··· Data to use ···

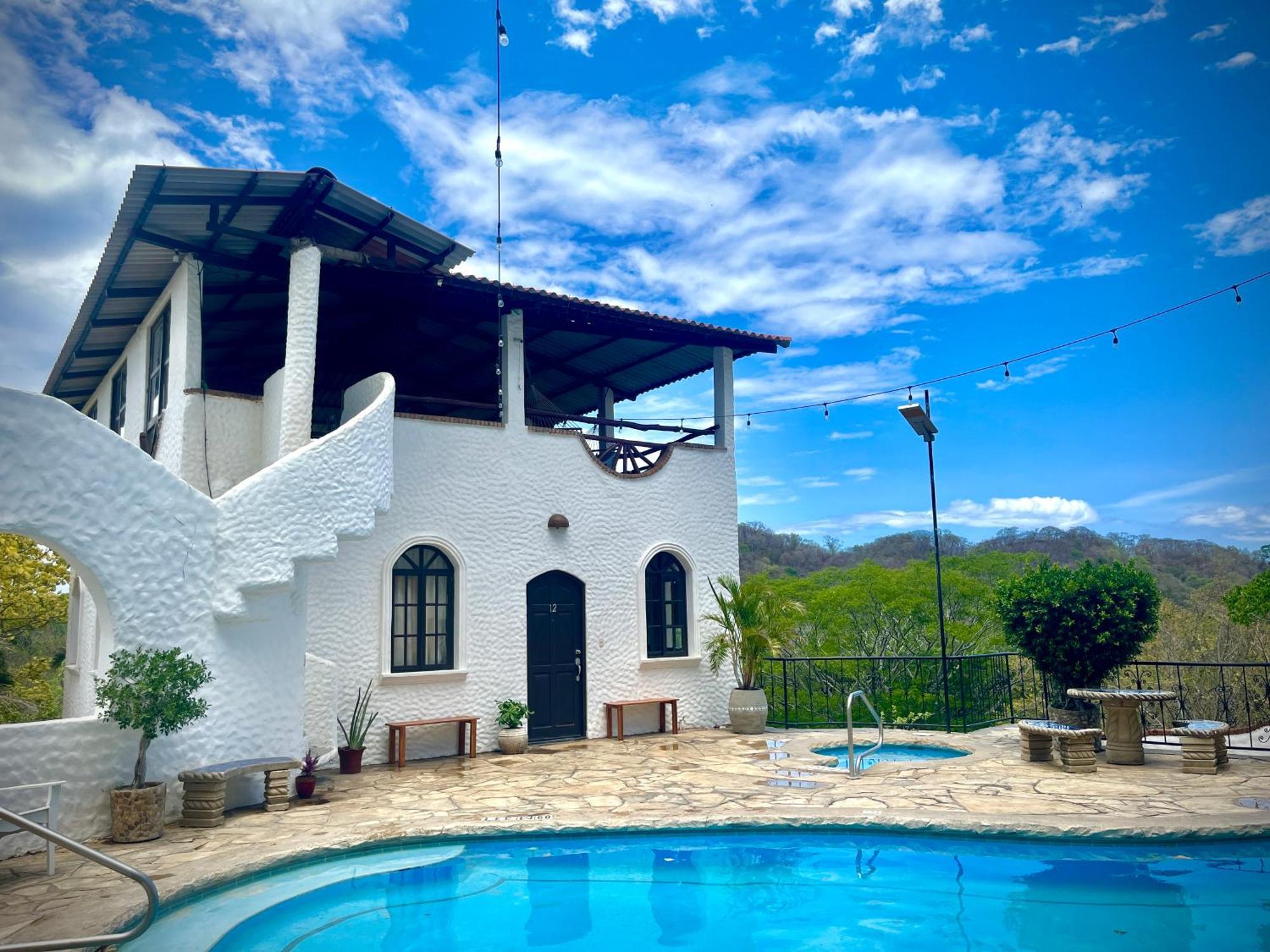 Beachside Stay At Villa Viyarte San Juan del Sur Eksteriør bilde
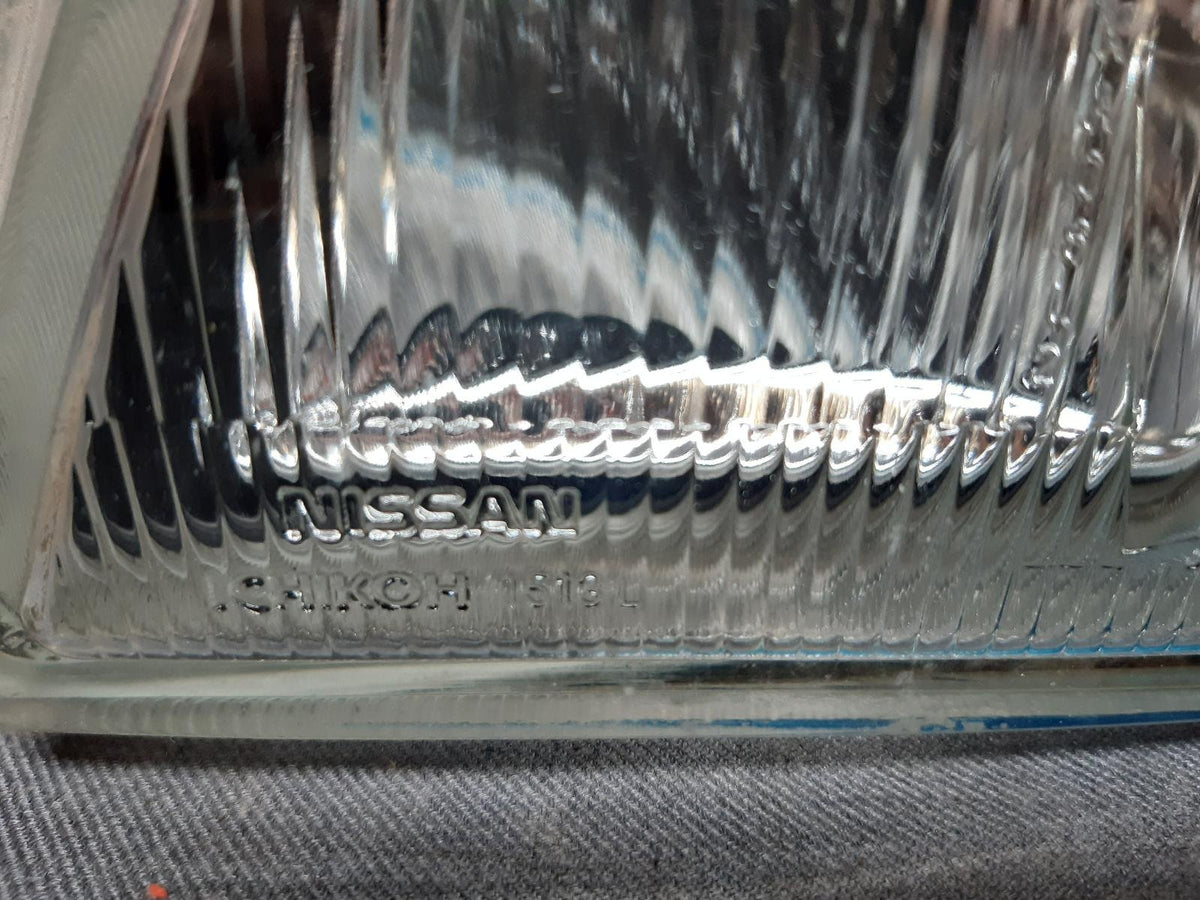 Oct 1995 to Mar 1998 - Nissan Pulsar N15 - Left Headlight - Ichikoh Lens# 1513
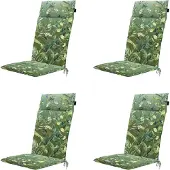 Madison Tuinkussen Universeel Outdoor+ Elisa Green Hoge Rug (120 x 50 cm)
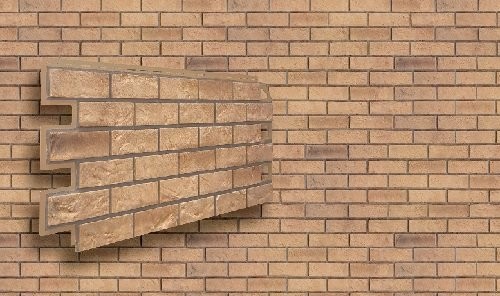 Фасадная панель VOX SOLID BRICK REGULAR для экстерьера купить в Казани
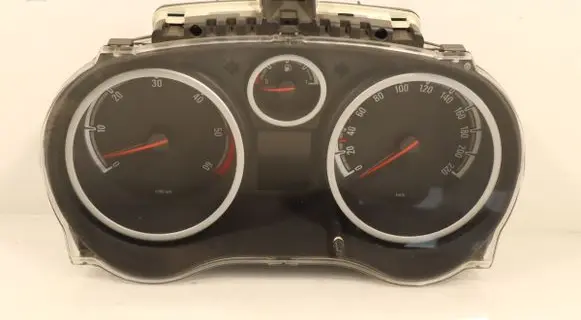 Opel Corsa D Clock P0013252148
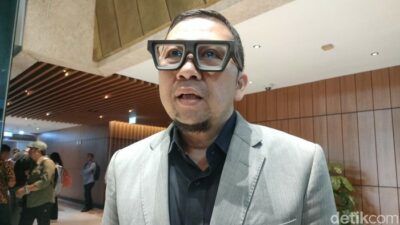 Ahmad Doli Kurnia Kritik KPU Soal Private Jet: Kalau Tahu Sejak Awal, Kami Pasti Tak Setuju!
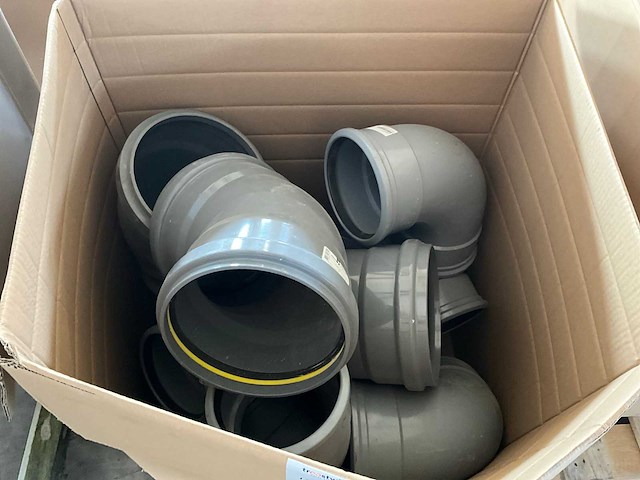 Pvc bocht (12x) - afbeelding 8 van  9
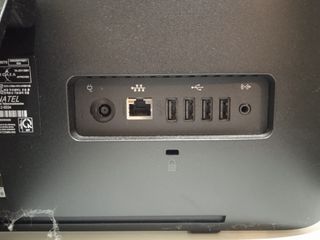 HP ALL IN ONE 20 - 20”, AMD E1-2500, 4 GB RAM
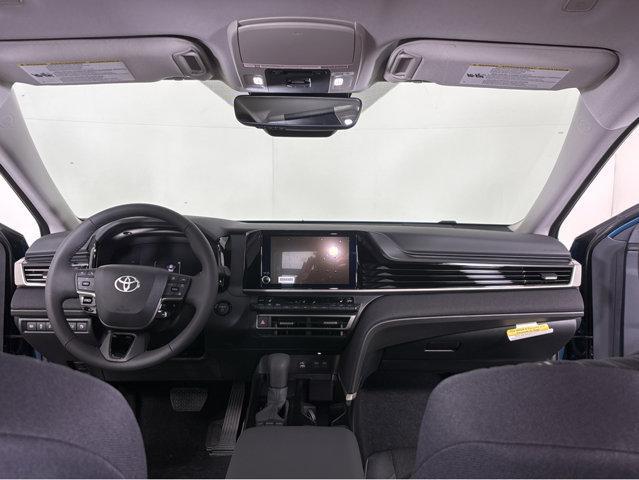 new 2025 Toyota Camry car, priced at $33,762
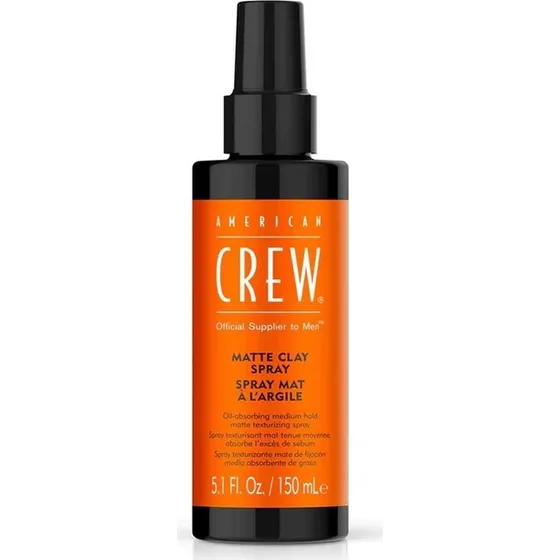 American Crew Matte Clay Spray 150ml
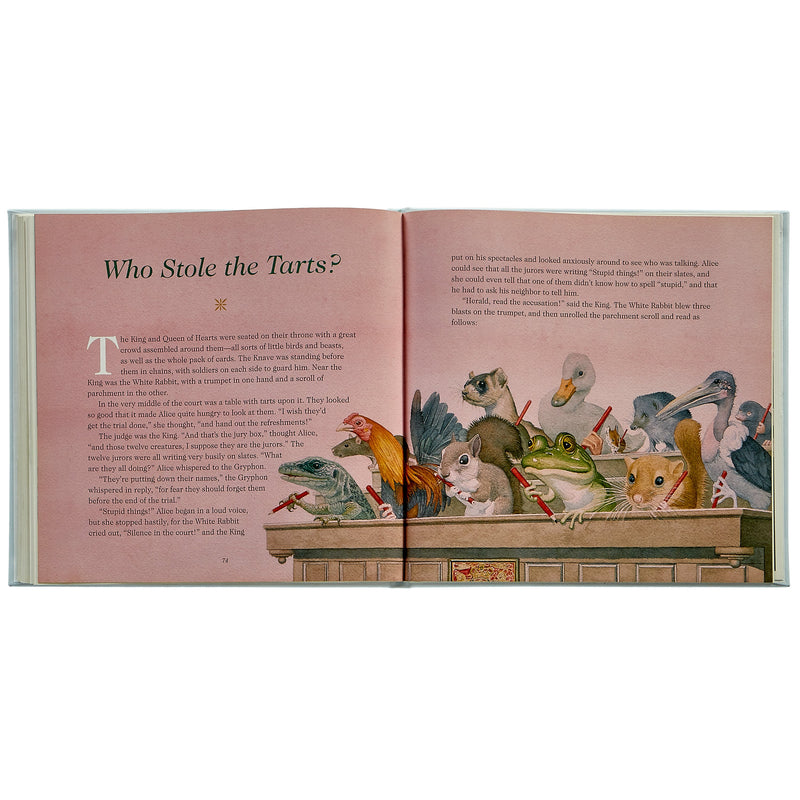 Alice's Adventures in Wonderland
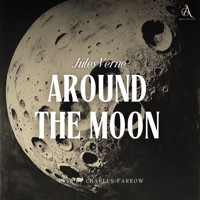 Around the Moon - Audiobook - Jules Verne. - Hörbuch
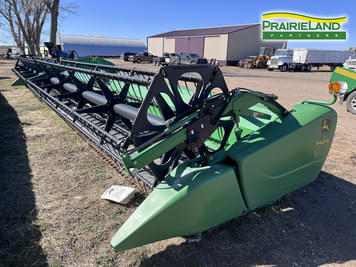Main image John Deere 640FD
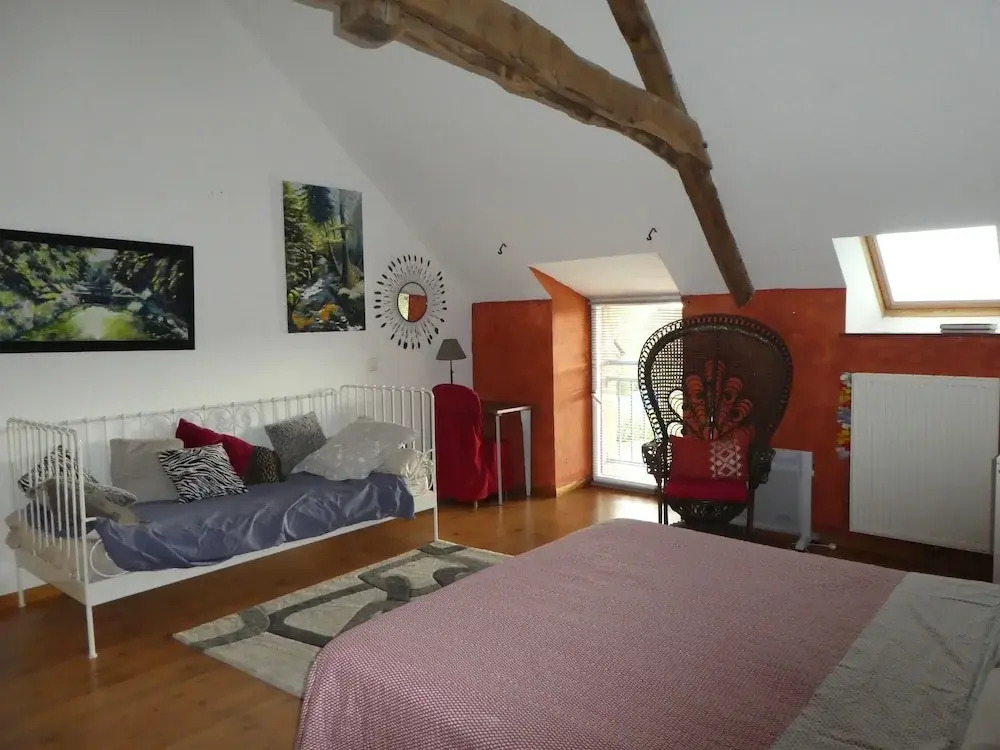 Chambres A La Ferme
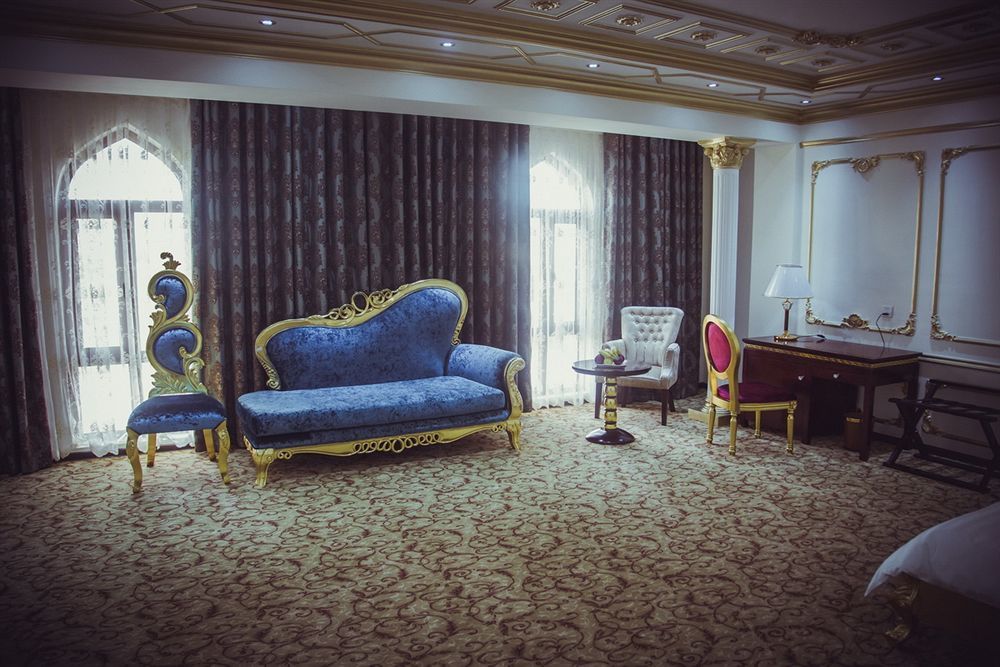 Emirhan Hotel Samarkand Exterior photo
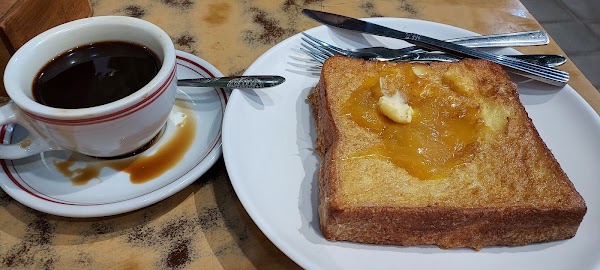 鴻記茶檔 5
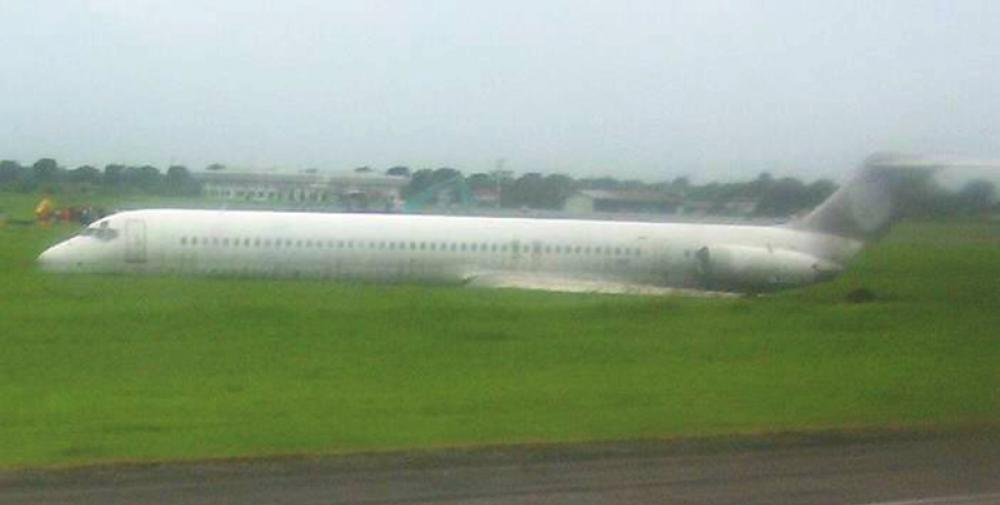 PK-TRB - Indonesia Air Transport - IAT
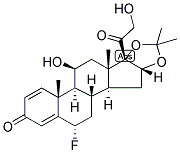 FLUNISOLIDE CAS#: 77326-96-6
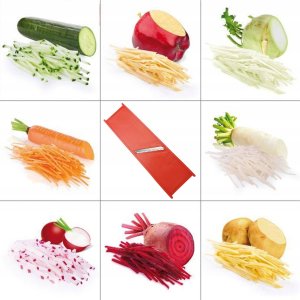 KNIVES FOR SHREDDER MIGIRIS 2PCS 10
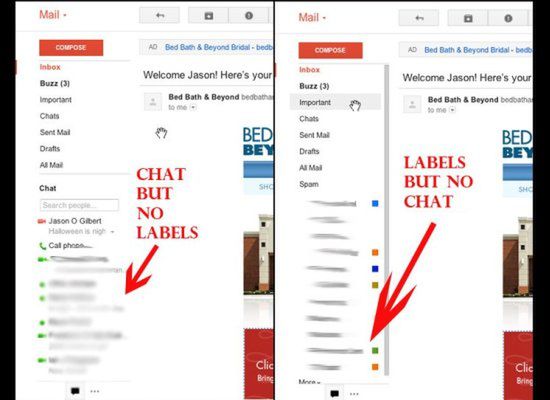 Nowy Gmail denerwuje użytkowników. Jakie są z nim problemy? 2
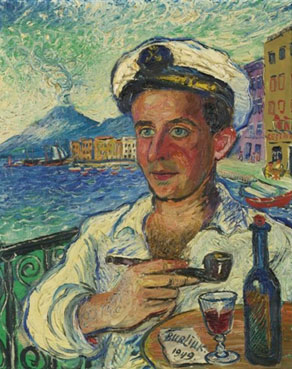 Mr. Ziefman as a sailor #2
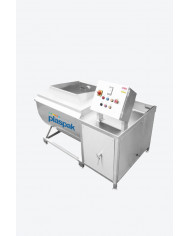 lavadora industrial de frutas y vegetales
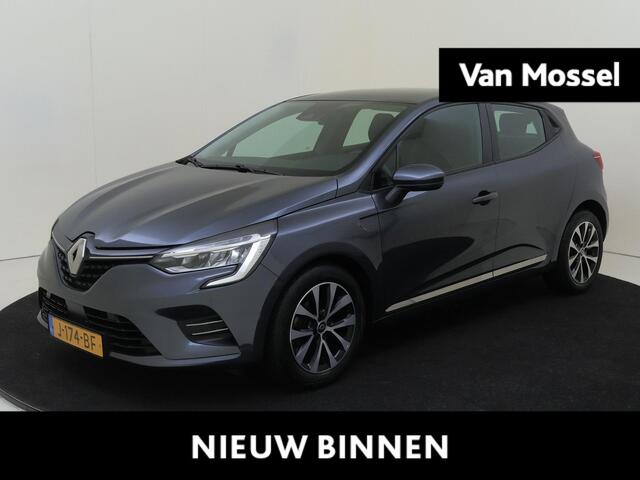 Renault CLIO 1.0 TCe Zen | Navi | Airco | Park Pilot | LM Velgen |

···

Problem to work on ->
Each line of the material needs to be given again exactly, without any of its pictures.

Response below ->
 Beachside Stay At Villa Viyarte San Juan del Sur Eksteriør bilde
 Oct 1995 to Mar 1998 - Nissan Pulsar N15 - Left Headlight - Ichikoh Lens# 1513
 Madison Tuinkussen Universeel Outdoor+ Elisa Green Hoge Rug (120 x 50 cm)
 Фасадная панель VOX SOLID BRICK REGULAR для экстерьера купить в Казани
 Opel Corsa D Clock P0013252148
 Ahmad Doli Kurnia Kritik KPU Soal Private Jet: Kalau Tahu Sejak Awal, Kami Pasti Tak Setuju!
 Pvc bocht (12x) - afbeelding 8 van  9
 HP ALL IN ONE 20 - 20”, AMD E1-2500, 4 GB RAM
 new 2025 Toyota Camry car, priced at $33,762
 American Crew Matte Clay Spray 150ml
 Alice's Adventures in Wonderland
 Around the Moon - Audiobook - Jules Verne. - Hörbuch
Main image John Deere 640FD
 Chambres A La Ferme
 Emirhan Hotel Samarkand Exterior photo
 鴻記茶檔 5
 PK-TRB - Indonesia Air Transport - IAT
 FLUNISOLIDE CAS#: 77326-96-6
 KNIVES FOR SHREDDER MIGIRIS 2PCS 10
 Nowy Gmail denerwuje użytkowników. Jakie są z nim problemy? 2
 Mr. Ziefman as a sailor #2
 lavadora industrial de frutas y vegetales
 Renault CLIO 1.0 TCe Zen | Navi | Airco | Park Pilot | LM Velgen |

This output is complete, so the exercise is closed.